*SOURCE DATA*:

-- -- --

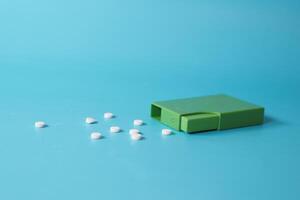 artificial sweetener container on table photo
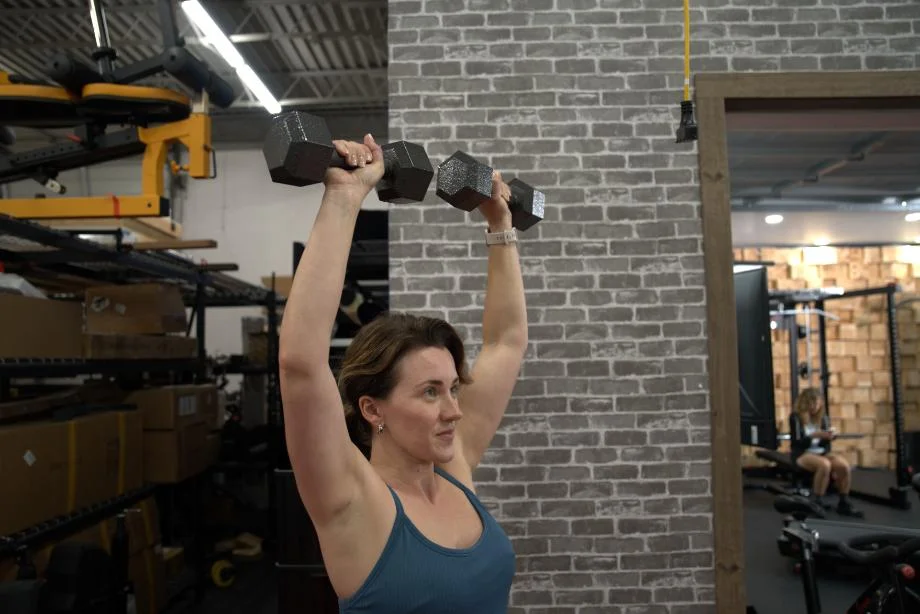 A woman lifting Cap Iron Hex Dumbbells overhead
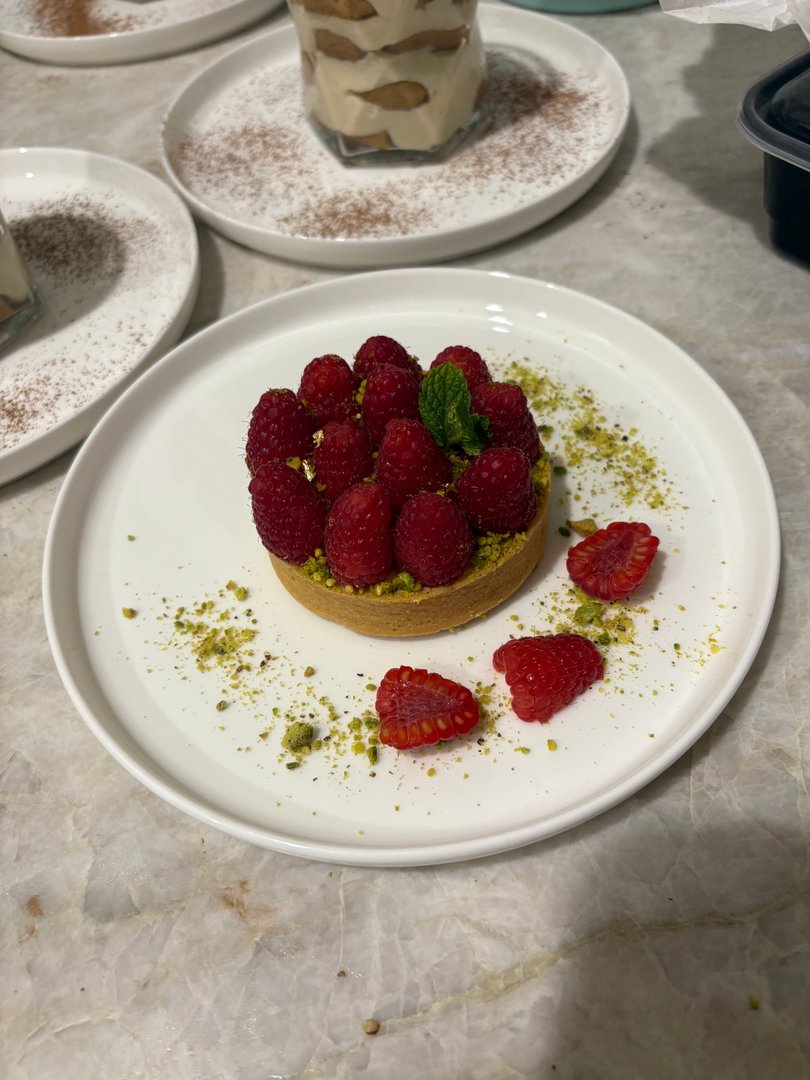 Raspberry tart with pistachios and a mint garnish.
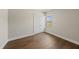 Bright bedroom with hardwood floors, fresh paint, closet, and window letting in natural light at 10119 Second Star Ct, Raleigh, NC 27613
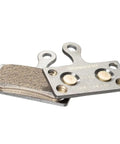 Close-up of G04Ti Metallic Disc Brake Pads with Titanium Backing Plate, showing the metallic surface and attachment holes.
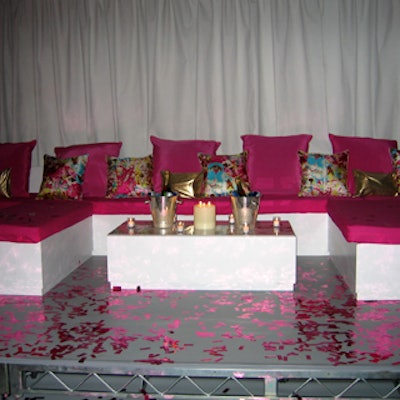 White banquettes and chaise lounges covered with bright fuchsia cushions printed pillows lined the walls. Strips of metallic pink confetti covered the floor and the white cocktail tables.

-- -- --

*YOUR ASSIGNMENT*:
Omit the pictures, then quote the rest of the material above exactly.

*WRITTEN ANSWER*:
 artificial sweetener container on table photo
 A woman lifting Cap Iron Hex Dumbbells overhead
 Raspberry tart with pistachios and a mint garnish.
 Bright bedroom with hardwood floors, fresh paint, closet, and window letting in natural light at 10119 Second Star Ct, Raleigh, NC 27613
 Close-up of G04Ti Metallic Disc Brake Pads with Titanium Backing Plate, showing the metallic surface and attachment holes.
 White banquettes and chaise lounges covered with bright fuchsia cushions printed pillows lined the walls. Strips of metallic pink confetti covered the floor and the white cocktail tables.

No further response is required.